In the next step, we examined whether distinct profiles of reference management by bilinguals could be identified. To this end, the percentage of usage of each morphosyntactic form at three ‘time points’ (for three functions: introduction, maintenance, reintroduction) for each language was used as the input for a k-means cluster analysis (of repeated-measures trajectories, using the kml3d package, kml3d function, Genolini et al., Reference Genolini, Alacoque, Sentenac and Arnaud2015). The output was a clustering of children based on their production profiles in both languages. For this analysis, the Calinski and Harabasz criterion (Calinski & Harabasz, Reference Calinski and Harabasz1974) indicated that the optimal number of clusters was 2. Again, we only considered the clusters identified in the first run of the algorithm. Because in this case, there is no correct or incorrect production profile, no accuracy measure was calculated. Instead, we examined how the two clusters related to children’s language background and cognitive abilities. For this purpose, independent samples t-tests between the groups (clusters) were performed to address RQ3 and, in particular, the hypotheses that 1) the group of children who used more full pronouns or nouns in maintenance contexts have more limited EF abilities (updating or sustained attention, based on respectively the 2-back task and failure to maintain set in the WCST); 2) the group of children who use more null and overt pronouns in reintroduction contexts have more limited updating abilities or lower ToM scores and 3) the group of children who tend to associate discourse functions with certain syntactic positions show lower cognitive flexibility (based on perseverative errors in the WCST). Because of these specific hypotheses, one-sided t-tests were used for these tasks/measures, whereas two-sided t-tests were used for the vocabulary measures.
4. Results
4.1. Compliance with the accessibility marking hierarchy in both languages
We address RQ1 first. The descriptives of children’s use of REs (Figure 2) show that, in both languages, children used mostly indefinite full nouns for introductions of a new referent. This is as was expected based on the accessibility marking hierarchy, as new referents have a low accessibility. Some definite full nouns were also used for this function. In maintenance positions, mostly nulls and clitics were used. Maintenance contexts involve reference to a highly accessible referent, and therefore selection of forms that are to the right of the accessibility hierarchy is appropriate. Note that in Greek, around 20% more null pronouns were used compared to Italian; This may relate to the fact that Greek speakers use null pronouns in contexts in which Italian speakers can use nonfinite forms (see Section 1.1). Finally, in reintroduction contexts the children mostly used definite full nouns. This too is in line with the accessibility marking hierarchy, as reintroductions are found in situations in which reference is made to an antecedent of medium accessibility. Some clitics and null pronouns were also used for reintroductions, which is interesting as these could lead to ambiguous reference.
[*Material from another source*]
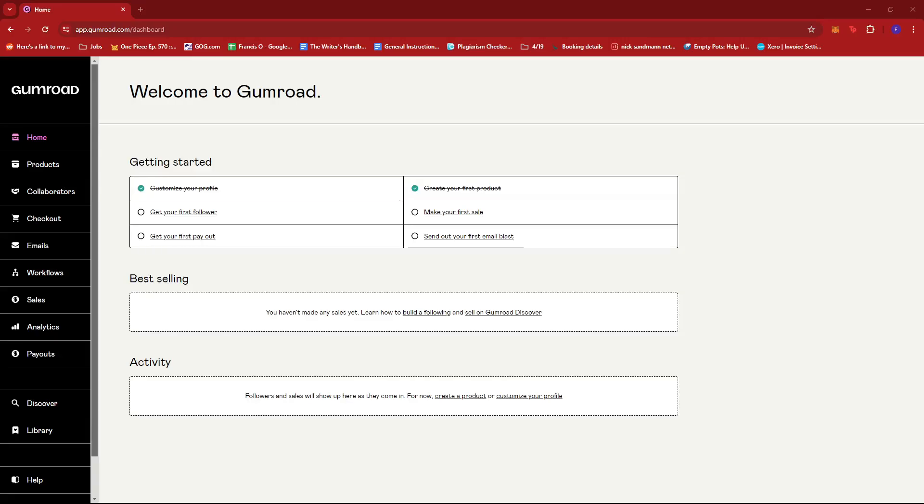In this video, I'm going to show you how to add a payment method on Gumroad. So the first thing you'd want to do is to log into your Gumroad account and then head to the homepage.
We used cluster analyses (one for each language) to investigate whether the patterns in Figure 2 are sufficiently different for each discourse function to be identified as a distinct pattern based on each child’s production of REs. For Greek, 103 out of 111 data points were classified as introduction, maintenance or reintroduction correctly, showing an accuracy of 92.8% (i.e., a match between the identified cluster and the actual use of REs for a particular function, reflecting very high classification accuracy, Dalmaijer et al., Reference Dalmaijer, Nord and Astle2022). Four data points were incorrectly identified as reintroductions (these were actually introductions) and four data points were incorrectly identified as maintenance (these were actually reintroductions). For Italian, 104 out of 111 data points were clustered correctly, showing an accuracy of 93.7%. Four data points were incorrectly identified as reintroductions (three were actually introductions and one was maintenance) and three data points were incorrectly identified as maintenance (they were actually reintroductions). We refer to Table S5 in the Supplementary Material for a presentation of the three-cluster output obtained for the datasets of morphosyntactic forms in both languages.
The high classification accuracy shows that the children were very consistent in their production of form–function relationships. The results can further be interpreted as showing that the children mastered the conditions of use of REs in discourse by largely following the accessibility hierarchy, using mostly indefinite full nouns for introductions, null pronouns and clitics for maintenance, and definite full nouns for reintroductions in both languages. There are some small differences between the use of REs in Greek compared to Italian, but for the purposes of the current study it seems that in both languages, children produce largely pragmatically appropriate REs.
4.2. Identifying profiles of reference management in bilinguals
We now address RQ2. Cluster analyses identified two distinct groups of children (A and B; Figure 3 and Table 2), thus reflecting distinct profiles of reference production. Group A contained the majority of the children (n = 28), whereas group B (n = 9) represented a smaller group of children with different behaviour when it comes to reference production. We will describe the general trends in the clustering data below, although some observations are based on small percentage-based differences.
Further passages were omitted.